### [TASK BRIEF]
Would you return exactly the lines from the top of the data below through the one containing "If you have", leaving out the pictures?

Dataset entries:
-=-=-=-=-

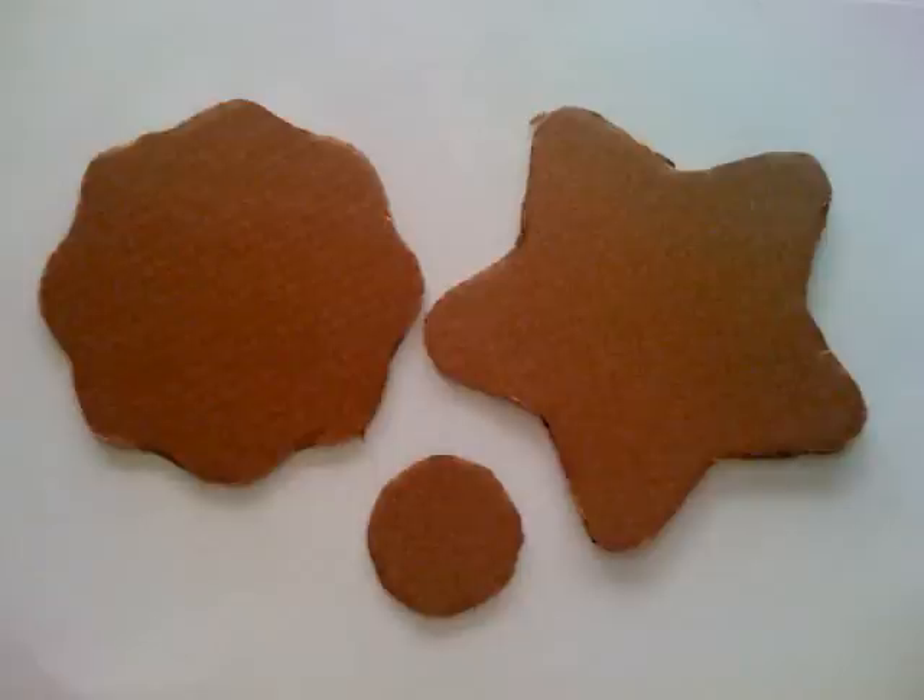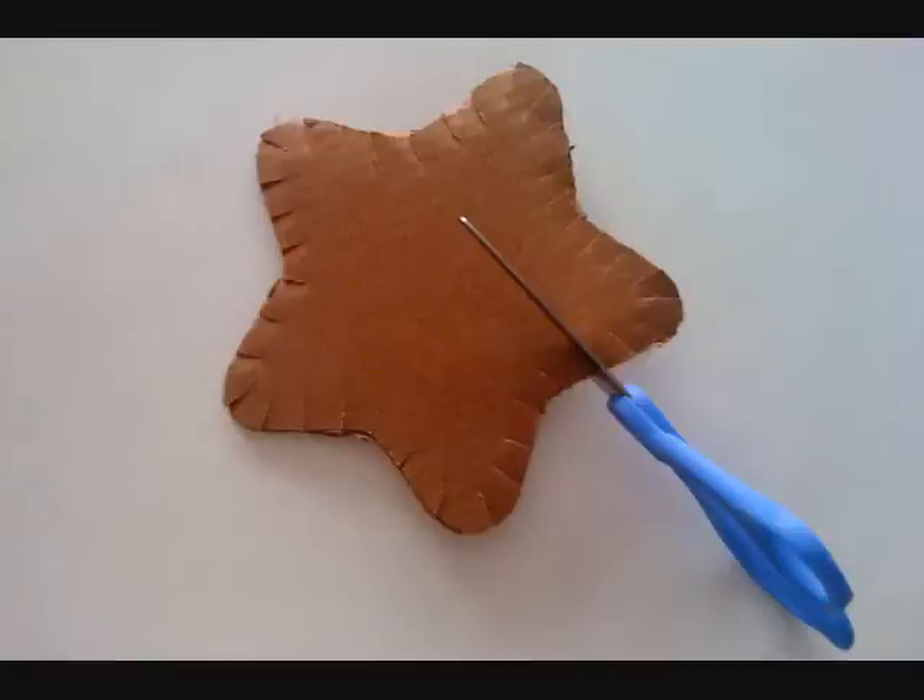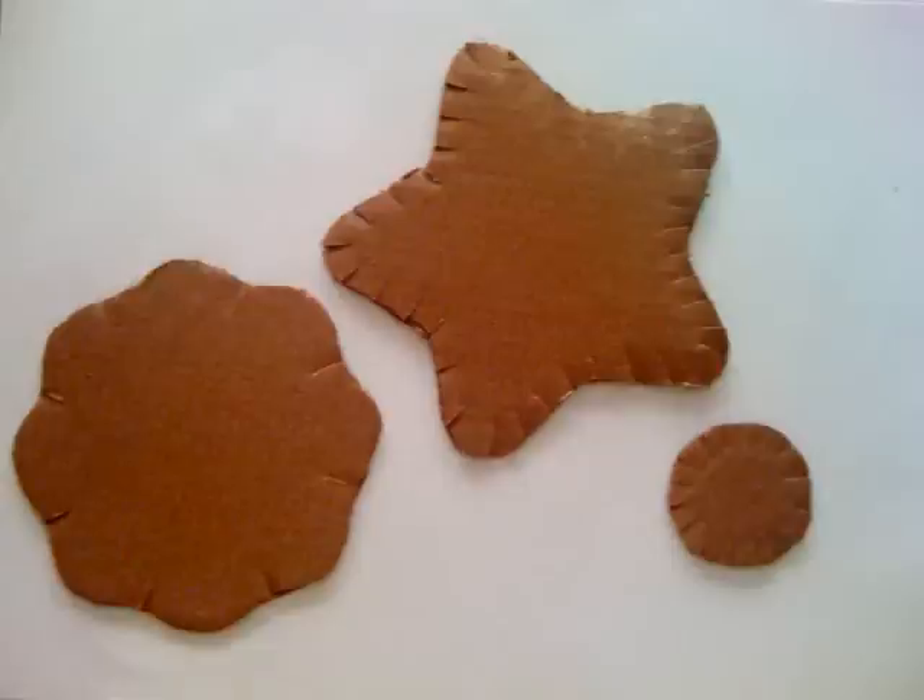Cut out some shapes from the heavy-duty cardboard. Using scissors, snip around the edges of the shape. Repeat this for all the shapes that you've cut out.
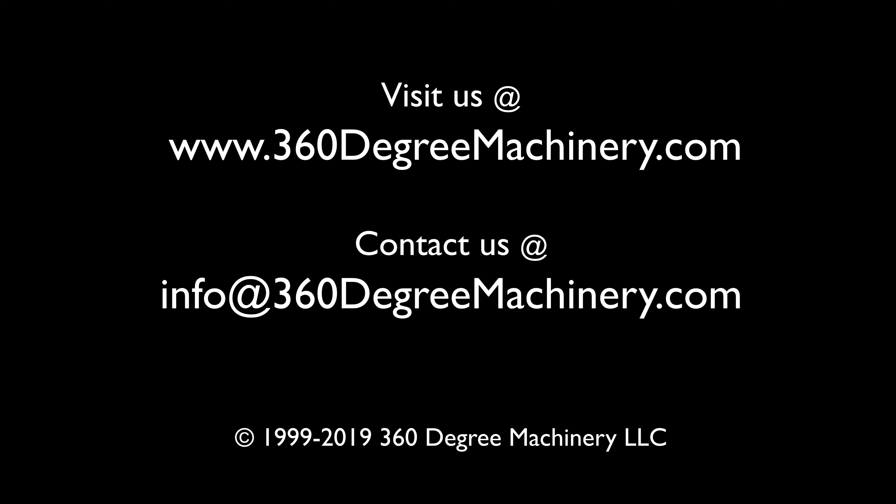If you have any questions or comments you can reach us at info@360degreemachinery.com. Thank you for tuning in to 360 Degree, helping you buy with confidence.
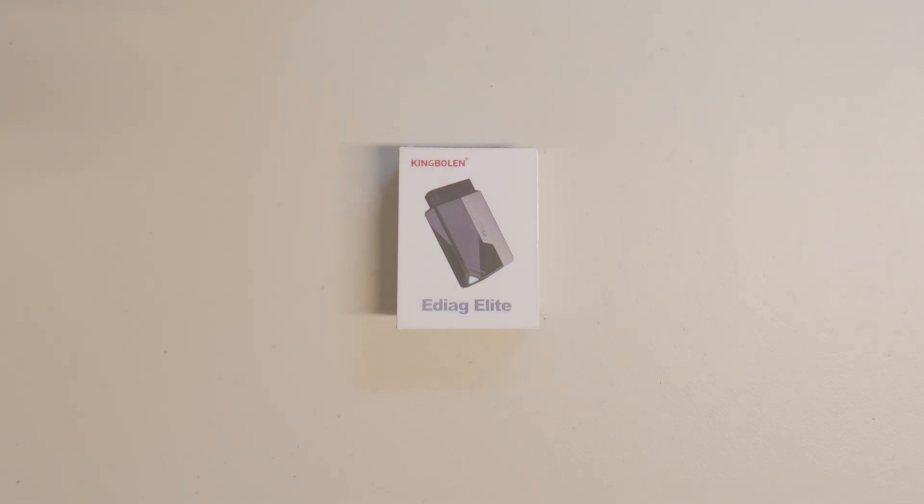Hello, welcome back to my channel. In today's video we're going to do a quick unboxing and review of the King Bolan E-Diag Elite OBD2 Bluetooth scanner. Come on, let's begin.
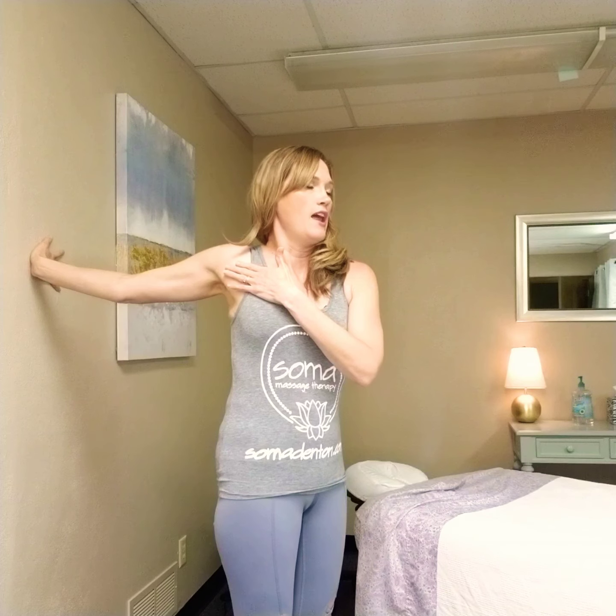Then come back to that same place. Take your hand and turn it backwards so your fingers are facing behind you, and you're going to do the exact same thing. Gently turn yourself away, making sure to keep your shoulder neutral as much as possible. I feel such a great relief in my forearm, my elbow, and my wrist. I've been doing a lot of computer work, applying for small business loans and trying to help our clients get rebooked, so a lot of that time on the mouse is definitely aching my arm. This feels like a really great stretch.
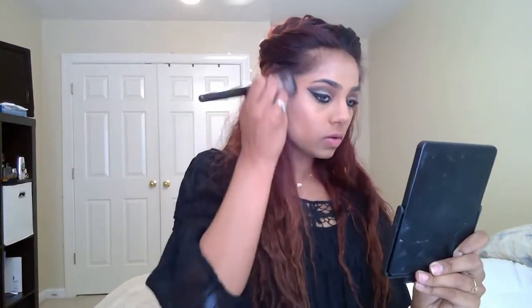Using my Too Faced bronzer, I'm going to create my contour line. I'm going to use my Kat Von D translucent powder and I'm just going to set it under my eyes, at my jawline, and on my nose.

-=-=-=-=-

### [YOUR SOLUTION]
Cut out some shapes from the heavy-duty cardboard. Using scissors, snip around the edges of the shape. Repeat this for all the shapes that you've cut out.
If you have any questions or comments you can reach us at info@360degreemachinery.com. Thank you for tuning in to 360 Degree, helping you buy with confidence.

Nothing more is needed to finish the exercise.